Sunday, February 23, 2014

Our first trip to the Southern Hemisphere - Bali!

Bali has been on our bucket list for awhile and we finally made it over Chinese New Year.  It did not disappoint.   Bali is in Indonesia, in the string of islands east of Java,  roughly 5 hours by plane due south of Hong Kong.   That it was mostly south and not much west was a surprise at least to me (Paul).  I guess that's why it is a haven for Australians.


This trip was our longest to date - 5 nights. That gave us enough lazy time to mix with our sightseeing.  We spent the first full day relaxing at the pool and the beach. We stayed at a ritzy hotel in the village of Sanur, right off the beach.    Here's a picture of us enjoying breakfast:


Lunch by the Infinity pool overlooking the Indian Ocean.



Happy hour!  Mom and Dad were downing cocktails while the staff was entertaining Paul Eli and Esme.


 More cute pics of the kids swimming in the beautiful pools.





Esme really made progress with her swimming on this trip.   Here's a short video of her swimming on her own.


OK,  no more hotels and kid pictures,  I promise.  Bali stands out as a vacation destination because it has both beach/weather and culture in significant measures.  Driving up to Ubud,  which is the cultural center of Bali,  you see lots of artisans working on their respective crafts.  Here are the stone sculptors.


I thought it would be cool to send home a super-heavy stone sculpture but we decided against it.

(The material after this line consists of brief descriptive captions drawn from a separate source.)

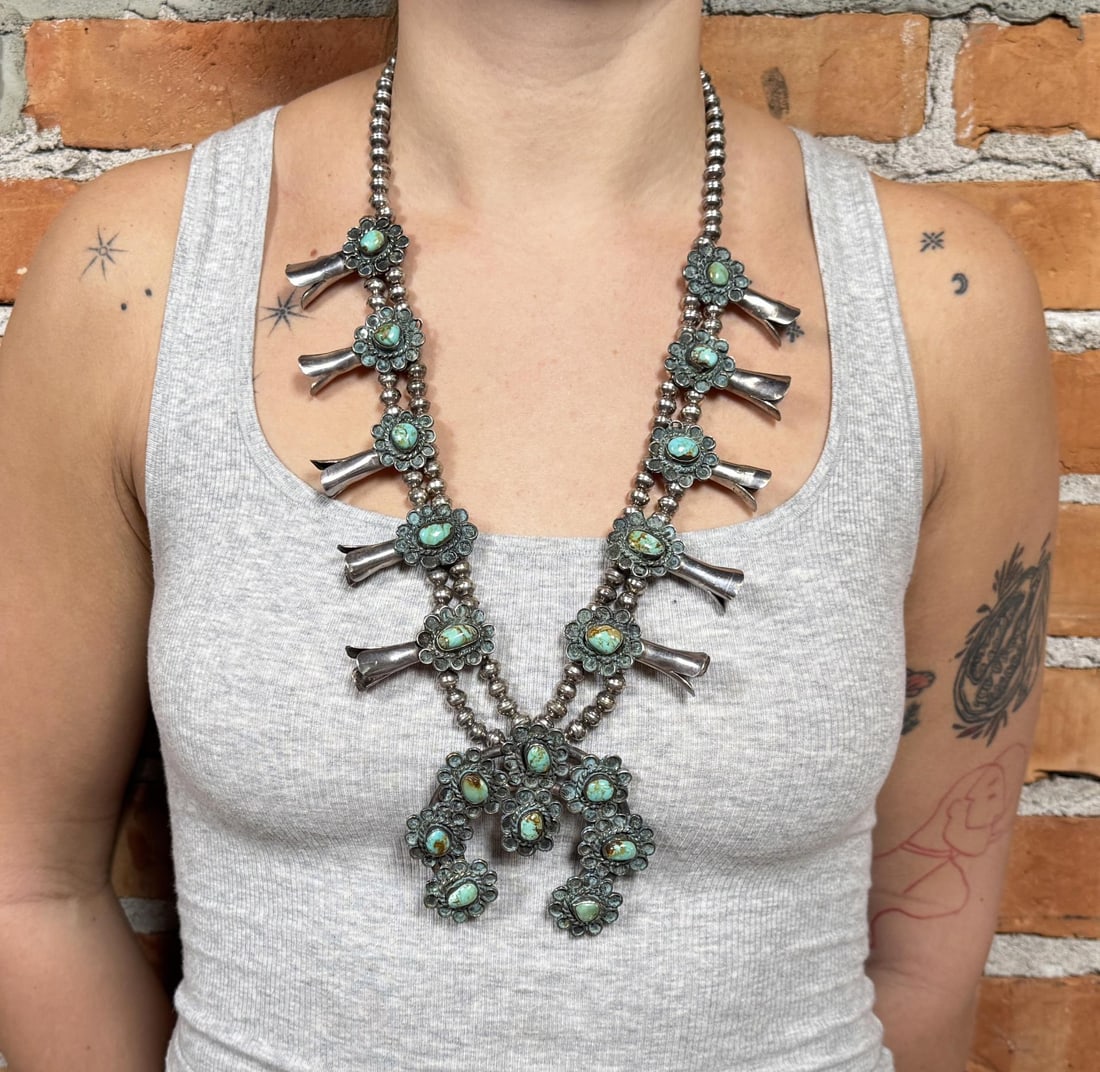 Navajo Sterling Silver Turquoise Squash Blossom: 197 grams. 16 3/8" long as displayed.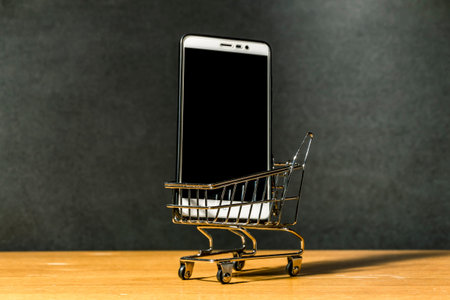 Smartphone in a miniature grocery cart on a wooden surface on a dark backgroundの写真素材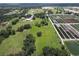 Wide aerial view showcasing farmland with lush green fields, buildings, and meticulously organized row crops at 4106 Old Mulberry Rd, Plant City, FL 33567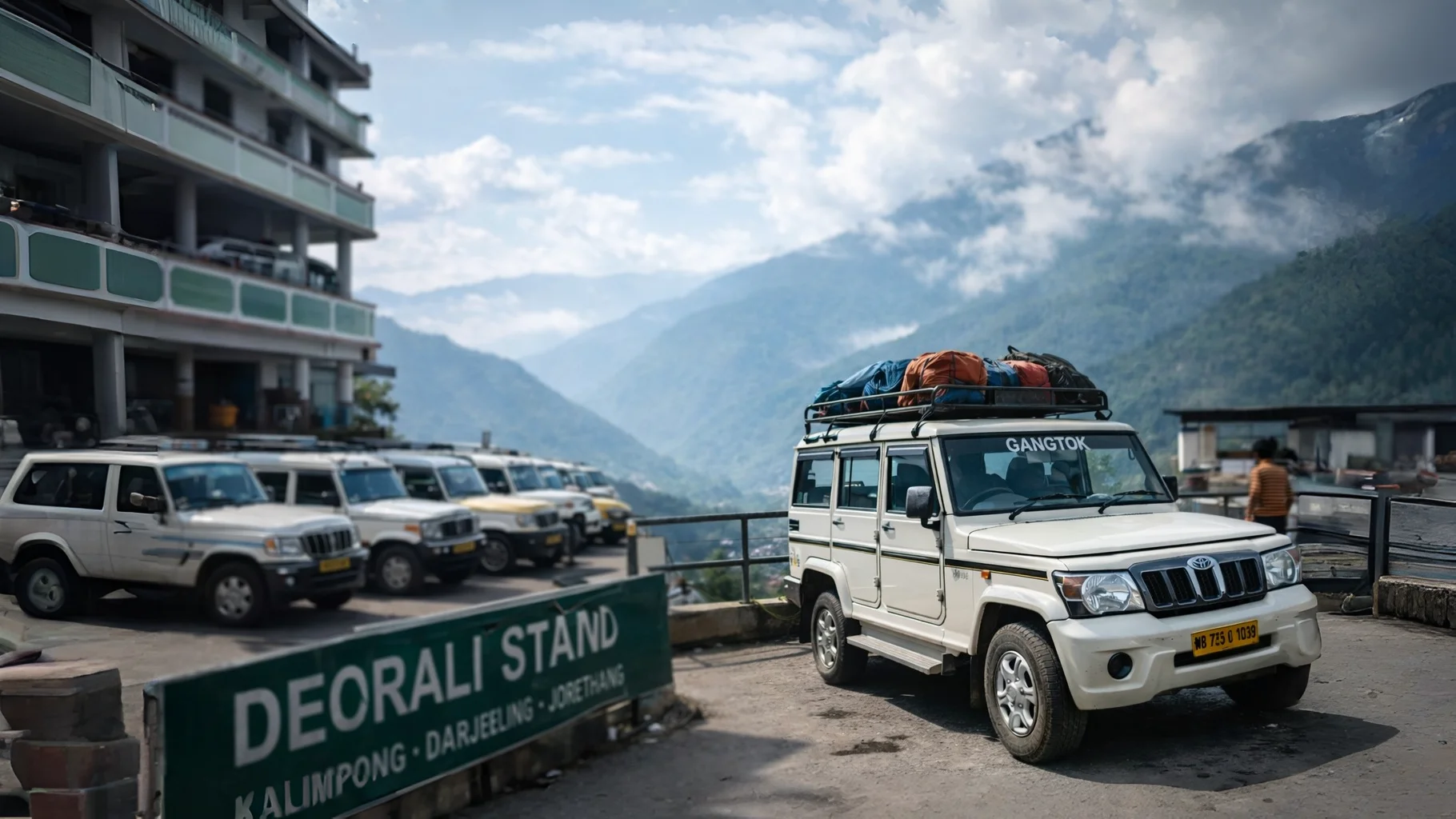 Gangtok Shared Taxi (Sumo/Bolero) at Deorali stand with mountains in background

Here is some wood working.



This the impressive grounds of an art museum and gallery.  I would have taken more pictures of the artwork and painters but the host/salesman was all up in my grill trying to get me to buy something.  It must have been my camera that tipped him off that we were big money.




Another cultural highlight in Bali is their version of good vs. evil dance - the Barong keris dance.   Like most things in Bali there was a feeling that all of this performance was done for the tourists,  but we still really enjoyed it.

More poses with Asian women and Esme.   The background is the local community theatre located in "suburban" Ubud (Batubulan).


Accompanying the dance was the local orchestra.   Our guidebook provided some interesting facts about the musicianship.  The recorder (called a Suling) in the lower right is played continuously using circular breathing.   The xylophone type things are actually tuned to be mildly dissonant,  at least by western ears.


This is the Barong.  He is the good guy,  representing order and harmony.


These women danced synchronously.   Their makeup and dancing style was quite interesting.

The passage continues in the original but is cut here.